What are the Risk Factors
The following are the factors that significantly increase the probability of a herniated disc:
- Age and Gender. Men aged 30 to 50 are more likely to suffer from a herniated disc than women. The chances of having this kind of injury are reduced for men older than 50 because of their decreased activity.
- Body Weight. Having an excess body weight puts additional stress on the lower back. There is more pressure on the discs and it also slows down the individual. This is especially true of those with a beer belly, or are obese. The additional weight puts more pressure on the spine. Also, there is an inherent imbalance because of the fat distribution. In some instances, this forces poor posture, where the body compensates because of the front-heavy weight.

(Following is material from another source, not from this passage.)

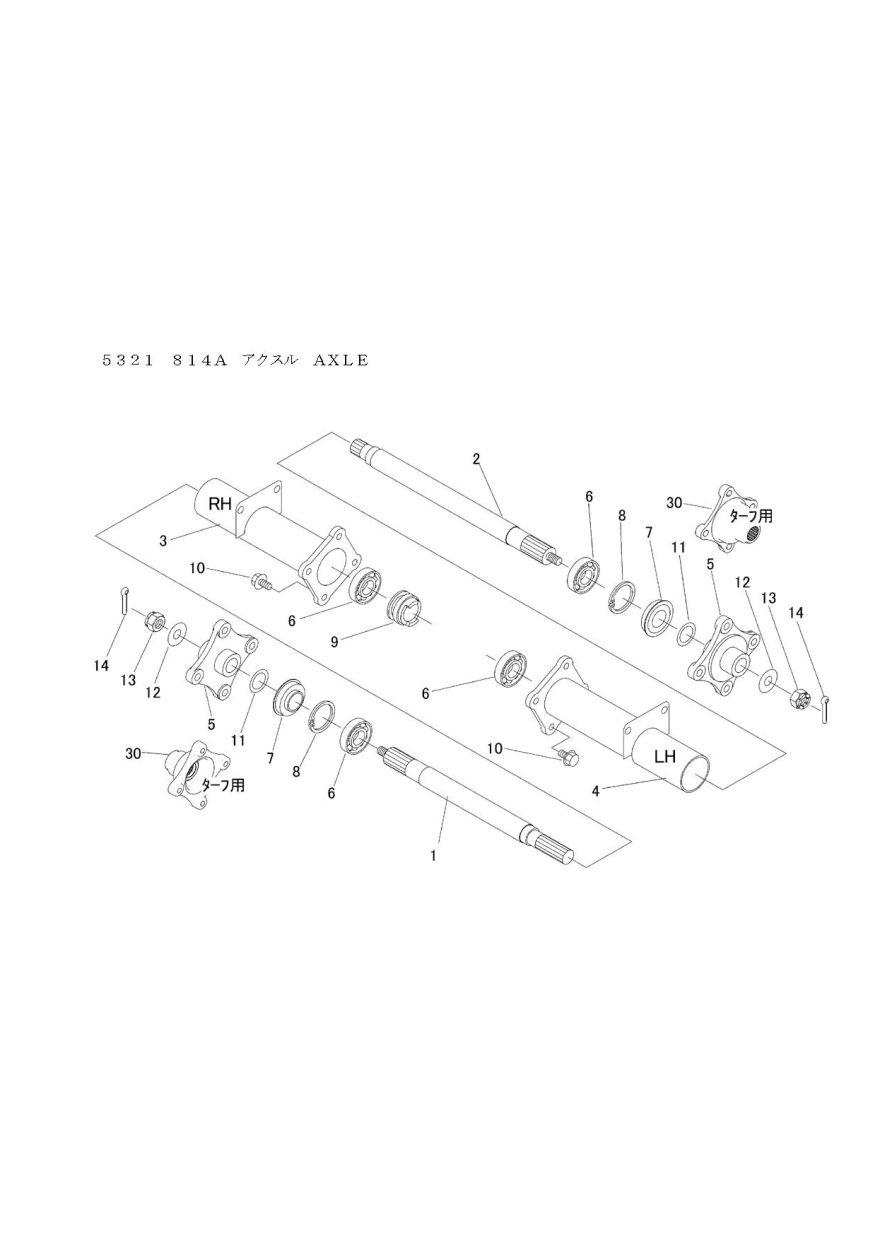 ミッション FIG6 アクスル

- Genetics. In some instances, herniated discs are transferred through the genes. Some people have a predisposition that makes the body vulnerable to this disease. If your parents, siblings or other close relatives have suffered from a herniated disk, then there is a distinct chance of having it as well.
- Excessive Smoking. Smoking significantly affects your lungs, and once your lungs are involved, it reduces the supply of oxygen that goes through to the disc. This situation then hastens the breaking down and tearing apart of the discs. Also, studies have shown that smoking leads to brittle bones.
- Occupation. Individuals who are into physical labor are more prone to back injuries or problems. It involves repetitive pulling, pushing, lifting, twisting, and bending sideways. This increases the risk of acquiring herniated discs.
- Sports. There are some sports activities where a herniated disk is a common occurrence. These include athletic events like long jump, triple jump, hurdles, high jump, as well as most other intense sports activities like basketball, football, skateboarding, skiing, and others. Rodeo riders and jockeys also suffer from herniated disks. Any intense regular activity where the person engages in a rapid body acceleration and deceleration can have this kind of injury. Sports car drivers, or motorcycle riders are also at risk from herniated disks.
Complications And Risks You Should Know About
Consult your doctor, and ask for immediate medical attention if you suffer from the following:
- Bowel Dysfunction. Herniated discs affect the nerves, which significantly affects the bladder. It can cause difficulty in urinating, and can also cause bowel incontinence.
- Saddle Anesthesia. There is the sensation of loss of feeling; it greatly affects the thighs, areas around the rectum, and the back of the legs.
When you experience any of the symptoms of this injury, you should schedule a checkup with your family doctor or your chiropractor. As mentioned earlier, there are instances when there are no symptoms to the injury.
However, a chiropractor would be able to detect a herniated disc during a regular visit.